Nesse ínterim, é apropriado fazer um adendo para se pensar o conceito da palavra súmula, que indica o diminutivo de “suma” ou “síntese”. É comum depararmo-nos com as diversas súmulas dos tribunais superiores e concebê-las como uma quantidade imensurável. Se visualizarmos, contudo, que as súmulas são expressões resumidas extraídas das inumeráveis decisões já proferidas, perceberemos que elas condensam em si de forma muito mais sucinta os julgamentos. Súmula, portanto, não se configura como precedente, posto que não se classifica como uma decisão anterior, mas sim como uma abreviatura dessas infindáveis deliberações.
A tradição jurídica brasileira está pautada no civil law, ou seja, no Brasil, as leis predominam em detrimento dos costumes. Essa lógica se inverte quando discutimos o sistema americano e o inglês, por exemplo, cuja fonte suprema do direito se encontra nos costumes, compostos principalmente por decisões antigas que se assemelham ao caso concreto. Por vezes é comum ouvirmos em matéria de precedentes no direito brasileiro, que o Brasil se encaminha para o common law, tendo os costumes recebido proeminência nos últimos anos, com o maior ativismo das cortes superiores e com as atribuições da jurisprudência no manuseio jurídico. Este modo de pensar, entretanto, não é embasado na realidade dos fatos, e é simples entender o quão diferente são os dois modelos.
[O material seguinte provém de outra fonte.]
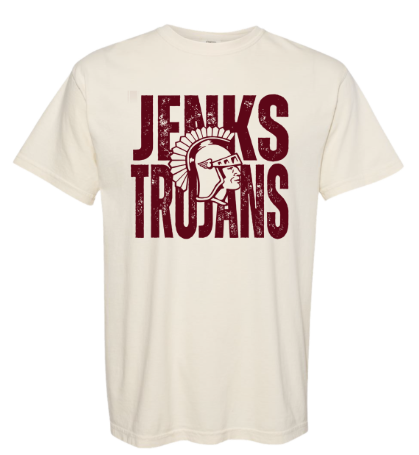 JP- Jenks Trojan Head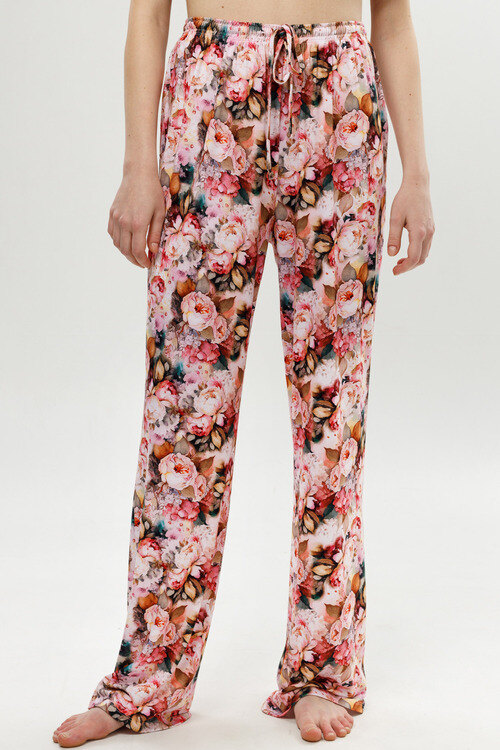 Брюки прямые «Rosarium»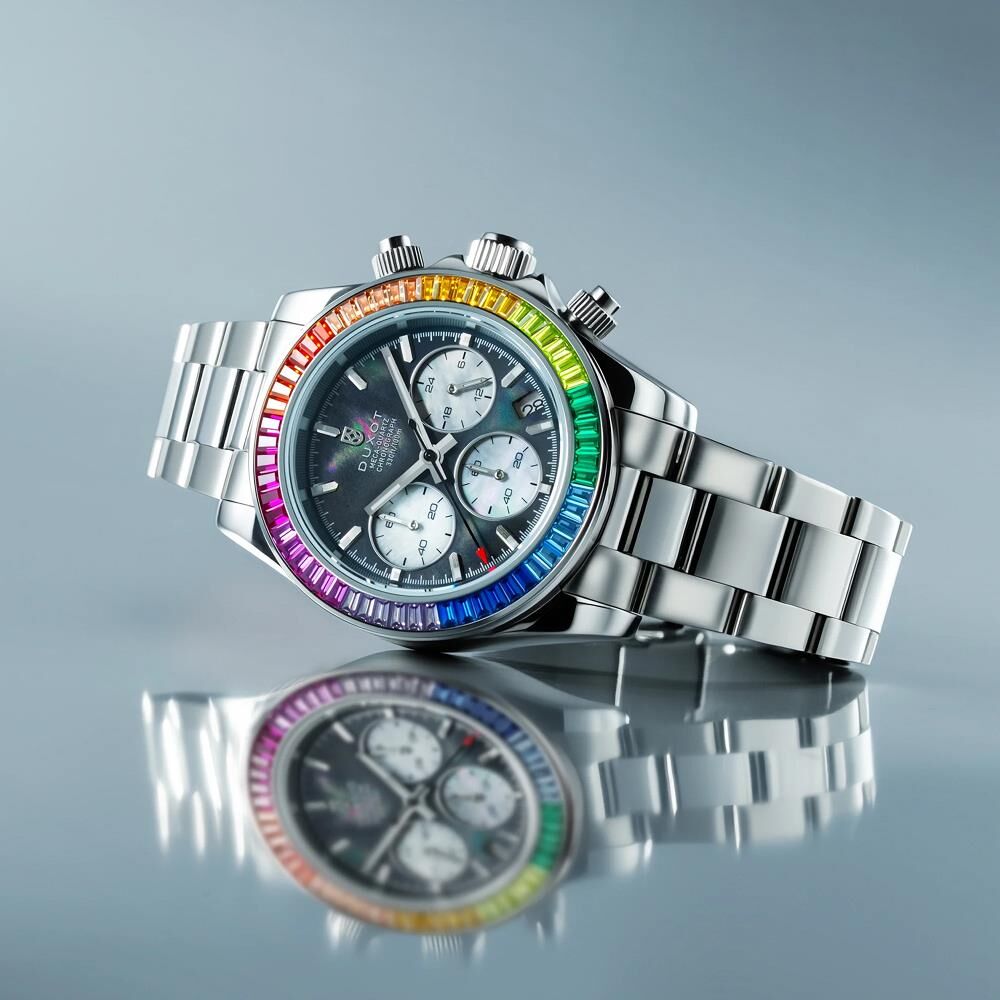 ACCELERO RAINBOW CHRONOGRAPH DX-2064-22 Erkek Kol Saati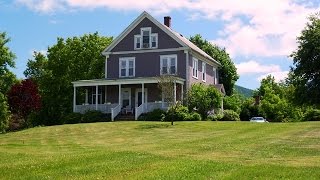 preview picture of video 'Williamstown Home Berkshire County MA-Stratton Rd'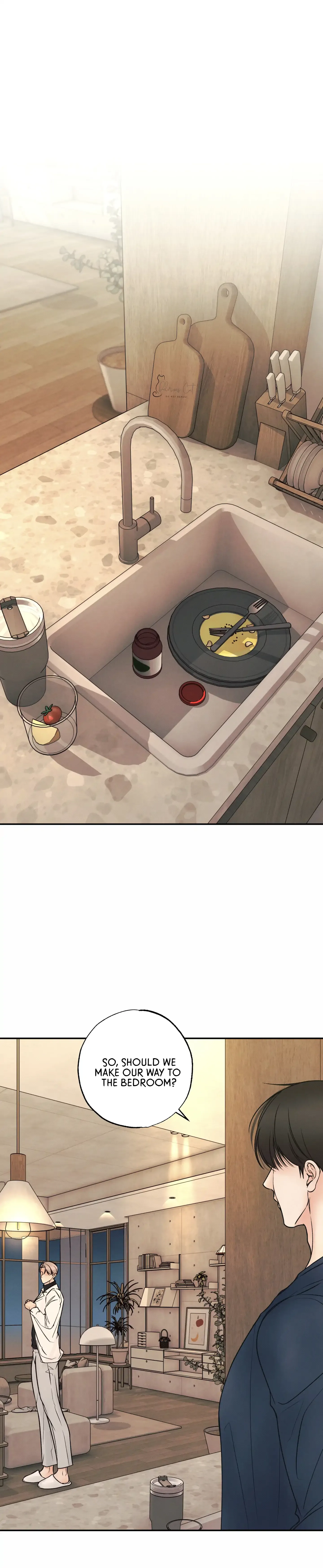 The Boundary of Delusion Chapter 22 page 2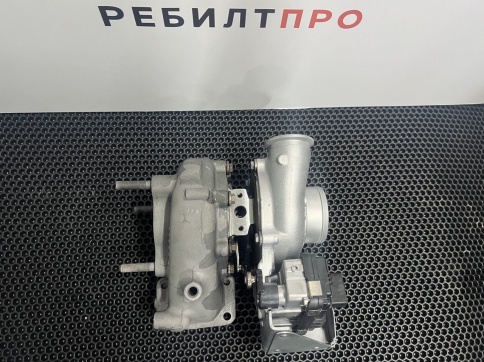 Турбокомпрессор (17459700001) Euro 5 Gazelle NEXT; ГАЗ-2217 (Баргузин); ГАЗ-22171 (Соболь) 2.8L фото 2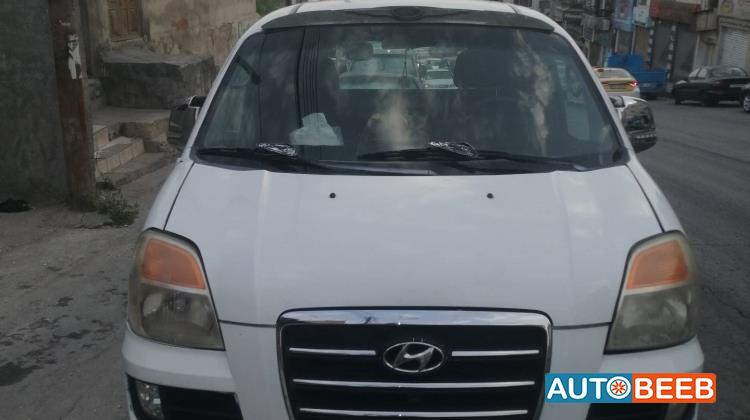 ميني فان هيونداي 2007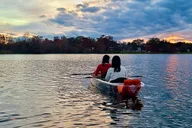 Orlando Sunset Clear Kayak or Paddleboard Tour thumbnail 5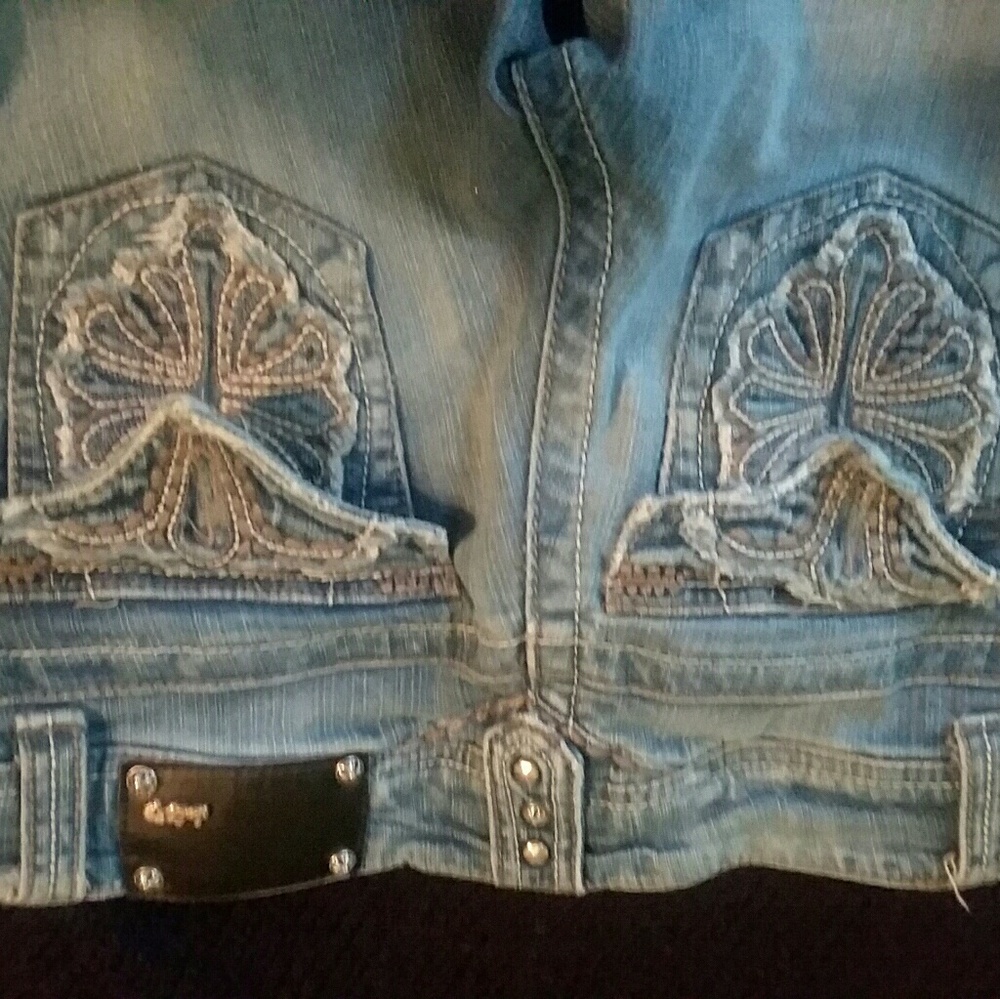 Jolt jeans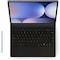 Samsung TAB S10+ & S9+ & S9 FE+ BOOK COVER KEYBOARD - BLACK AI KEY EF-DX825UBEGUJ - alternate 7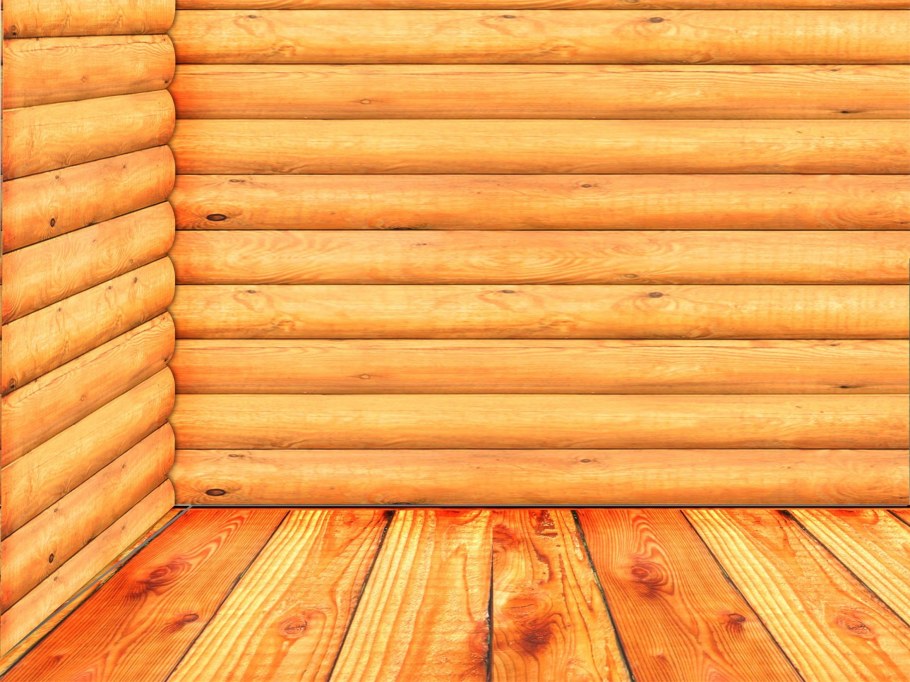 Деревянные бревна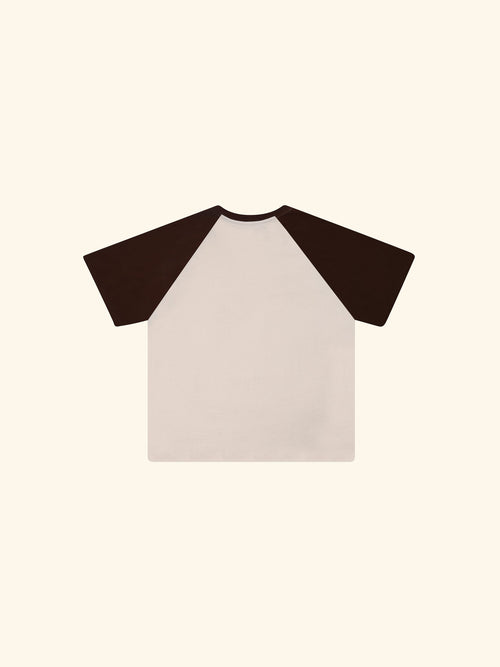 DIALLO ESSENTIAL RAGLAN TEE DIALLO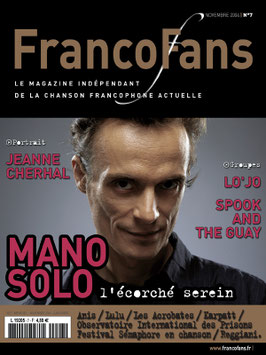 FrancoFans N°07 - novembre 2004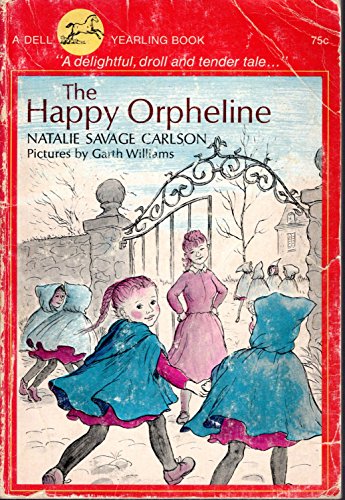 HAPPY ORPHELINE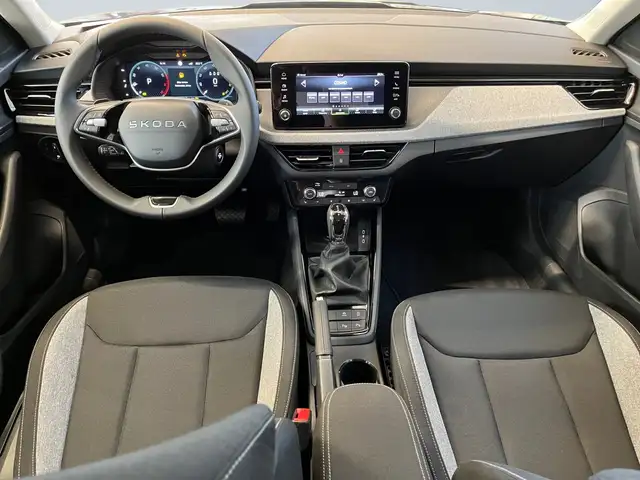 Skoda Kamiq view 8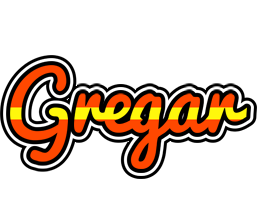 Gregar madrid logo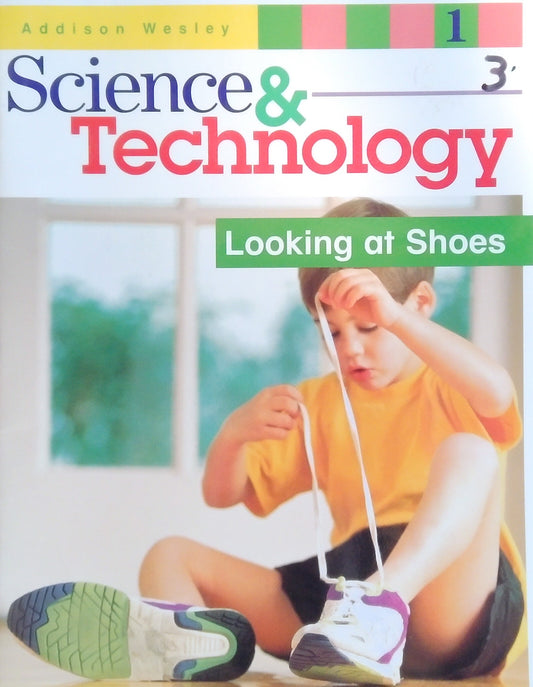 Science & Technology 1: Looking At Shoes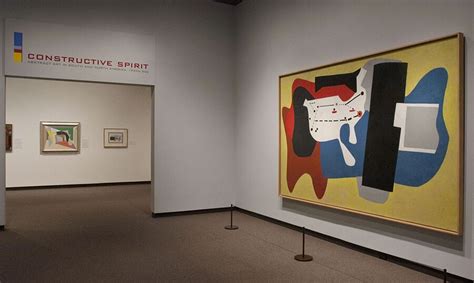 Amon Carter Museum features North and South American Abstract Art in ...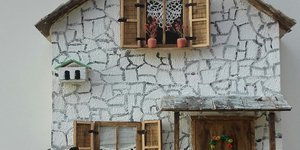 Σπίτι με μινιατούρες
Primeiramente, no common law, o julgamento dos casos sempre retorna a um caso anterior, que por sua vez, retornou a outro caso anterior e assim ocorre sucessivamente até o ponto em que podemos nos indagar sobre onde está escrito que se deve apreciar os casos anteriores, e a resposta de um jurista inserido neste raciocínio é breve: sempre nos casos anteriores. Já no common law, modelo adotado pelo Brasil, ao nos perguntarmos sobre o motivo de olharmos para os precedentes, obteremos como explicação que os costumes estão dispostos em lei como fontes do direito, o que ilustra a superioridade legal em face das normas costumeiras.
Por conseguinte, retornar às decisões já pronunciadas e buscar semelhanças entre sentenças anteriores em casos correspondentes é uma solução que confirma a metodologia dos padrões decisórios, mas cabe lembrar que ao falarmos de padronização das decisões, o tema se estende para além daquilo que convencionamos chamar de precedentes. Ademais, a uniformização das decisões está em pauta como protetora do direito fundamental à igualdade, com a conformidade de julgados que garantam coerência entre os destinos dos processos. Uniformizar decisões é, sobretudo, reiterar o espírito republicano tendo em vista o direito a um contraditório devidamente fundamentado e a salvaguarda da confiança na justiça.